2020 was a rough year for the crude oil market. As the energy demand plunged during the global financial crisis, the price of NYMEX WTI and ICE Brent North Sea crude oil futures dropped. WTI and Brent are the two pricing benchmarks for petroleum. Approximately one-third of the world’s producers and consumers use the WTI price while two-thirds price output and requirements on Brent’s price. Nearby WTI futures fell to a record low of negative $40.32 on April 20, 2020, as there was no capacity to store the landlocked oil. WTI had not traded below zero since NYMEX introduced futures in the early 1980s. Brent declined to its lowest price this century when the price hit $16 per barrel in late April. Brent is seaborn crude, allowing for storage on ocean tankers.

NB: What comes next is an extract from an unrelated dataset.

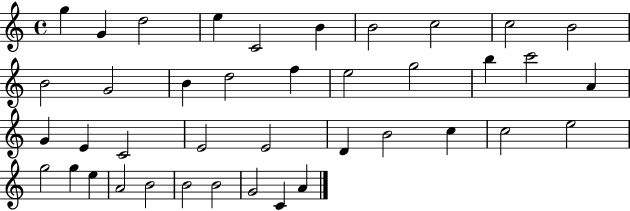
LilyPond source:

Since then, prices have recovered. Brent moved back the $50 per barrel level in December, and WTI reached the half-century mark on January 5. The United States Crude Oil Fund (USO) tracks the price of a portfolio of NYMEX WTI futures. The United States Brent Oil Fund (BNO) follows Brent’s price higher and lower.

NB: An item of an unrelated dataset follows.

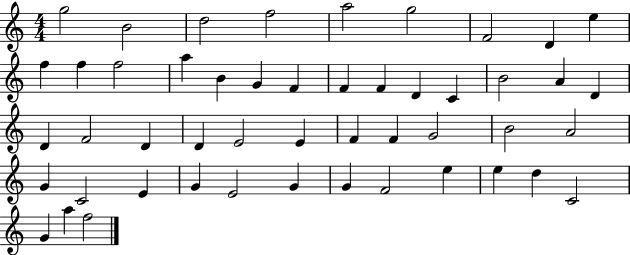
G5/h B4/h D5/h F5/h A5/h G5/h F4/h D4/q E5/q F5/q F5/q F5/h A5/q B4/q G4/q F4/q F4/q F4/q D4/q C4/q B4/h A4/q D4/q D4/q F4/h D4/q D4/q E4/h E4/q F4/q F4/q G4/h B4/h A4/h G4/q C4/h E4/q G4/q E4/h G4/q G4/q F4/h E5/q E5/q D5/q C4/h G4/q A5/q F5/h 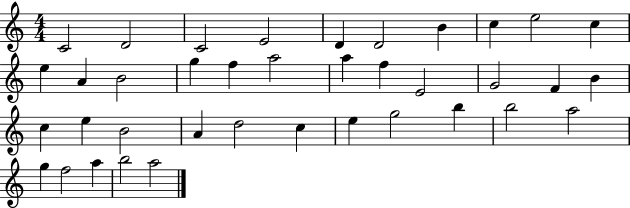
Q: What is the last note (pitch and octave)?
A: A5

A surprise “gift” from Saudi Arabia on January 5 pushes crude oil through $50
On January 5, Saudi Arabia shocked the crude oil market. After agreeing to a 500,000 barrel per month tapering the 7.7 million barrel per day production cut starting in January 2021, the Saudi Arabian oil minister announced his country would cut output by one million barrels per day as a “gift” to the other world producers. The move allows Russia to increase its production. Nearby NYMEX crude oil futures moved above the $50 per barrel level for the first time since February 2020 on January 5. After trading to a high of $52.75, the nearby futures settled at $52.24 per barrel.